We explore whether tighter regulation of shadow banking improves finance market pricing efficiency by examining the regulation’s impact on idiosyncratic risk. Using the implementation of China’s New Asset Management Regulation, a strict regulatory policy targeting shadow banking activities, as an exogenous shock, we find that listed firms’ idiosyncratic risk significantly decreased after the policy’s issuance. Our findings remain consistent after applying a series of robustness tests and endogeneity checks. Mechanism analysis shows that the policy improved the listed firms’ information disclosure quality. Heterogeneity tests reveal that the policy’s effect is more pronounced in firms with poorer corporate governance, weaker external supervision, and firms with lower market value.
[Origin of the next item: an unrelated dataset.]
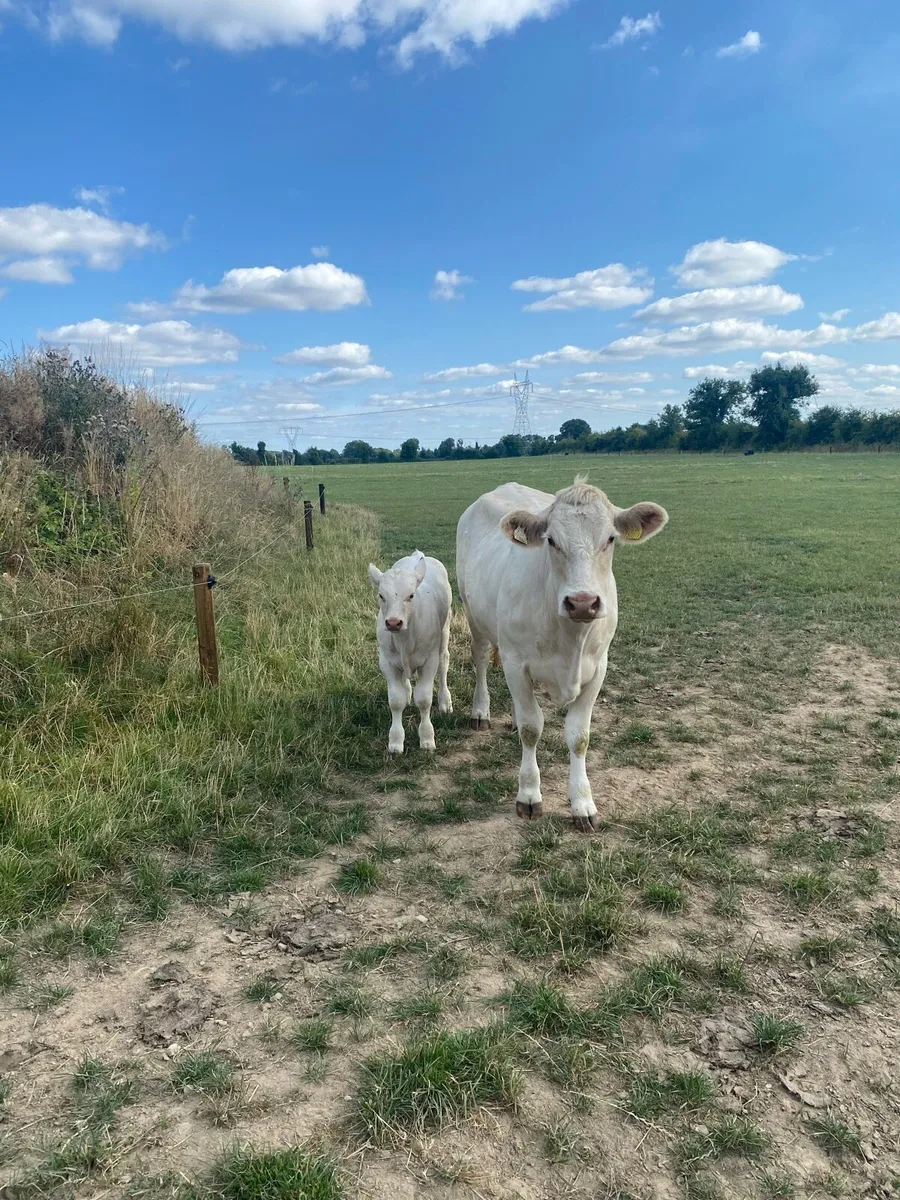 Charolais Cow and Calf - Image 1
This paper enriches empirical evidence on the microeconomic consequences of shadow banking activities and offers some policy implications for shadow banking regulation.

Suggested Citation

  • Fang, Zhenming & Li, Ruijiang & Smith, David & Liao, Jing, 2025. "Does shadow banking regulation constrain the idiosyncratic risk of firms? evidence from a quasi-natural experiment in China," Research in International Business and Finance, Elsevier, vol. 77(PA).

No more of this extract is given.